The Epson Home Cinema 4010 is the latest in Epson's line of 4K-compliant projectors that rely on pixel-shifting technology with native 1080p LCD imagers to deliver "4K Enhanced" resolution. Over time, Epson has progressively closed any visible gap between its pixel-shifted 1080p and other manufacturer's 4K-resolution projectors, and the 4010 is significant in its introduction of 4K PRO-UHD, a group of advancements that includes a new algorithm said to deliver on-screen results that equal or even exceed projectors rated at 4K (some of which also rely on pixel-shifting). We can't argue with this claim, as the resolution and detail observed from the 4010, aided by its 15-element glass lens, is tremendously sharp and dimensional, and suffers no observable smearing or other artifacts to call attention to the pixel-shifting or suggest the projector isn't full 4K.
The 4010 offers some key improvements from its predecessor, the Epson Home Cinema 4000. It is rated at 2,400 lumens for both white and color brightness versus the 4000's 2,200 lumens. The 4010's dynamic contrast has also been bumped to 200,000:1 vs. the 4000's rated 140,000:1—still well short of the claim of 1,000,000:1 in the Epson Home Cinema 5040UB step-up model, but enough for a noticeable improvement in black level and shadow detail with dark content. Beyond this, Epson says it has worked on its tone-mapping algorithm for improved rendering of HDR content (with processing for up to 10-bit color depth). Other key benefits from the 4000 are carried over, including the aforementioned lens, a dynamic iris to boost contrast and deepen blacks on dark scenes, support for 1080p 3D Blu-rays; a Digital Cinema mode that delivers 100% of the expanded DCI-P3 color space; a 2.1x zoom with motorized focus, zoom, and lens shift; and up to 10 lens memory positions.
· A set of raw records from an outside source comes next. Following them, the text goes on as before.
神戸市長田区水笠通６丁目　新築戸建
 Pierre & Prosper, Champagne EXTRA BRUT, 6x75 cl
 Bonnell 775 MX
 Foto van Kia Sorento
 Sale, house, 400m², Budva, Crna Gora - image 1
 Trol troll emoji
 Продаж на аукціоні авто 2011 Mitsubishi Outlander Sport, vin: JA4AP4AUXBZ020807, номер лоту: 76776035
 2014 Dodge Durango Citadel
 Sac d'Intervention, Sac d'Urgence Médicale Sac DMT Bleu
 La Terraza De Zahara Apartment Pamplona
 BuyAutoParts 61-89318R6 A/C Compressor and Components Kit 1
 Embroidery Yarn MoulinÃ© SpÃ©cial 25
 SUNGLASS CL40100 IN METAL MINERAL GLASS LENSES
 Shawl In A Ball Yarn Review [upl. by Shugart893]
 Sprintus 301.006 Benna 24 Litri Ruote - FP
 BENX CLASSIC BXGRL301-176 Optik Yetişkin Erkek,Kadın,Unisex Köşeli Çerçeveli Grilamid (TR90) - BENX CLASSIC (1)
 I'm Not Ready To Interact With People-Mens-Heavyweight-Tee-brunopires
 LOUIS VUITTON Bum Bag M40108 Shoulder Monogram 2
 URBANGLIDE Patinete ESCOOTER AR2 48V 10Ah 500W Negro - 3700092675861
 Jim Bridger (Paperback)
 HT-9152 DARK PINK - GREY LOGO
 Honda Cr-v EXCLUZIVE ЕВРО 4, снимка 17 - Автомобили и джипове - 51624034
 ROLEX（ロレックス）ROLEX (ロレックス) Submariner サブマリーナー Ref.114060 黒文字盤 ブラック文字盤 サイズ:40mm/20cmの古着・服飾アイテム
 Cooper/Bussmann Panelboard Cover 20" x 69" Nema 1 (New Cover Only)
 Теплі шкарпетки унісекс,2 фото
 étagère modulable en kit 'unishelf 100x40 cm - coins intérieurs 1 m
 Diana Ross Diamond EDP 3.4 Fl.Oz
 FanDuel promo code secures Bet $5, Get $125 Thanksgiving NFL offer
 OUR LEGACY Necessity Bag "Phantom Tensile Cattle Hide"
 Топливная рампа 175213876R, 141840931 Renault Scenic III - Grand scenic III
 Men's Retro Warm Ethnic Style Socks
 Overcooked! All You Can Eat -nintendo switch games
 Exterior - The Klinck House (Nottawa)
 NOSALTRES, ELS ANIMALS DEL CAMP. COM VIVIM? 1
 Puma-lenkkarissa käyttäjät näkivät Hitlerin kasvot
Furthermore, the Home Cinema 4010's $1,999 list price comes in $200 less than the original introductory price on the HC4000, and its $1,799 street price (as of late October 2018) brings the 4010 closer to less-featured, full-4K budget projectors using the latest DLP imaging chips. This gives buyers a more clearly defined choice between full-4K resolution and a 1080p pixel-shifter offering more traditional premium features not often found under $1800, including robust build quality on a heavier and more substantial chassis than its competitors; a high-quality, wide-zoom, motorized lens with lens memory; and a dynamic iris.
Readers should note that the Epson Pro Cinema 4050, introduced just prior to the 4010, is the same projector housed in a black case instead of white, packaged for the commercial integrator market with a mount, extra lamp, and more generous warranty. All findings in this review apply equally to that model.
Epson Home Cinema 4010 Features/Advantages
- 3LCD design free from rainbow artifacts
- 1920 x 1080p imaging chips with improved 4K PRO-UHD pixel-shifting for input signals up to 4096 x 2160
- High quality 15-element glass lens designed for even light throughput and elimination of chromatic aberrations
- Up to 10 saved lens memory positions for Constant Height Image (CIH) installations on a CinemaScope 2.4:1 screen without need for an anamorphic lens.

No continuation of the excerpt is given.